Authors: The 1440/1440 (and analogous) counts are obtained by exhaustive traversal of the cell-adjacency graph using only exact integer arithmetic and determinant signs; floating-point appears solely in the later geometric realization step, which is decoupled from the ordering-success classification. We will insert pseudocode for the enumeration loop together with a short verification paragraph noting that the finite, symmetry-reduced search space and exact arithmetic render statistical error bars unnecessary. This makes the Perfect/Impossible classification combinatorially rigorous. revision: yes
Circularity Check
No circularity; results from direct enumeration on external polytopes
full rationale
The paper defines two deterministic selection rules (RS, RZ) and applies them via exhaustive enumeration over starting pairs on the five Platonic solids, thirteen Archimedean solids, and six regular 4-polytopes.

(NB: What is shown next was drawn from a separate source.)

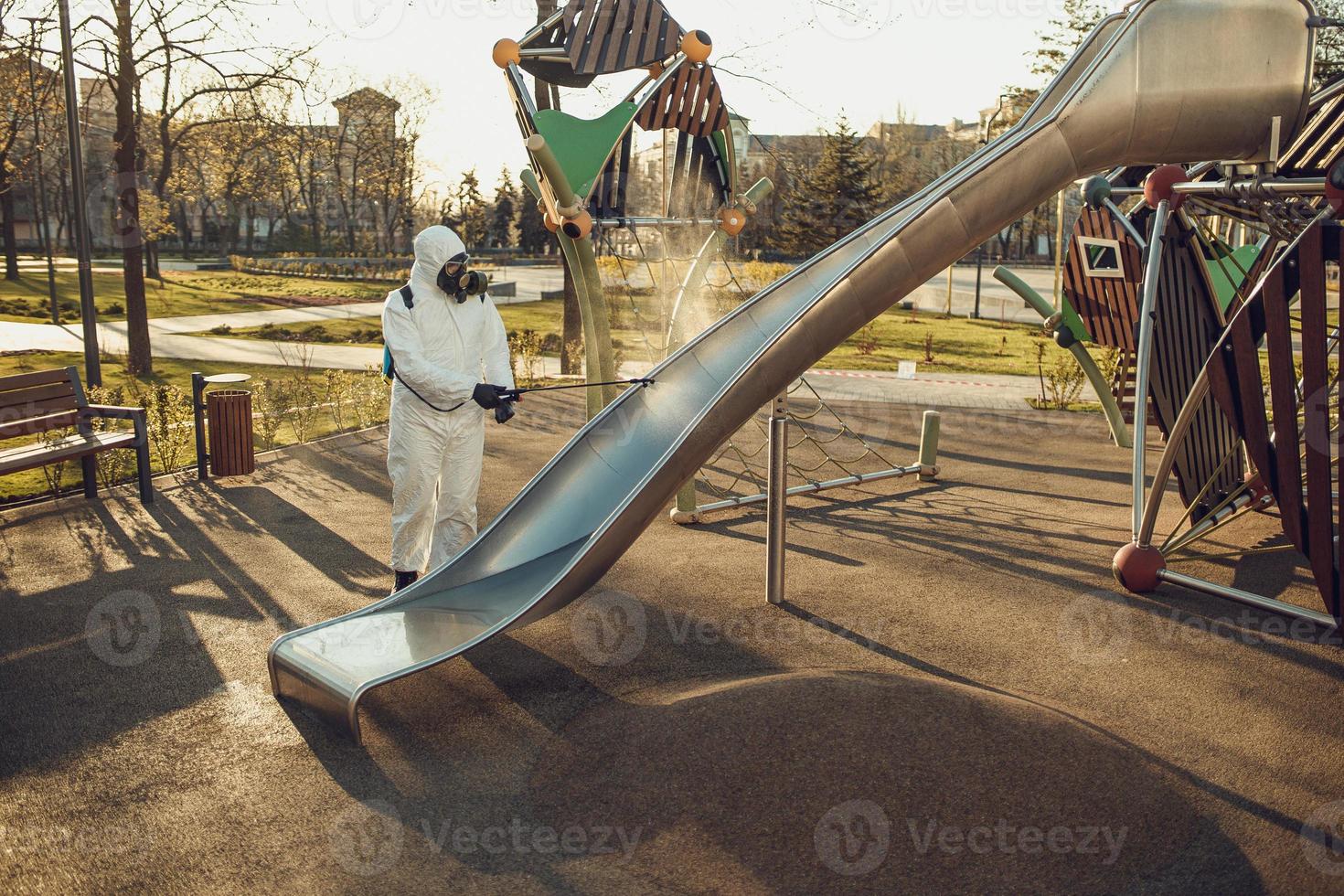 limpeza e desinfecção no playground no complexo da cidade em meio às equipes de epidemia de coronavírus para esforços de desinfecção prevenção de infecções e controle de traje de proteção e máscara epidêmica foto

The Perfect/Possible/Impossible trichotomy and the 120-cell ordering result (1440/1440) follow directly from running the greedy traversal; the equivariance argument for face-transitive solids is an independent combinatorial observation. No parameters are fitted to the output data, no quantity is defined in terms of itself, and no load-bearing premise reduces to a self-citation chain. The distinction between ordering success and geometric validity is stated explicitly without circular reduction. The derivation is therefore self-contained against the externally given polytope combinatorics.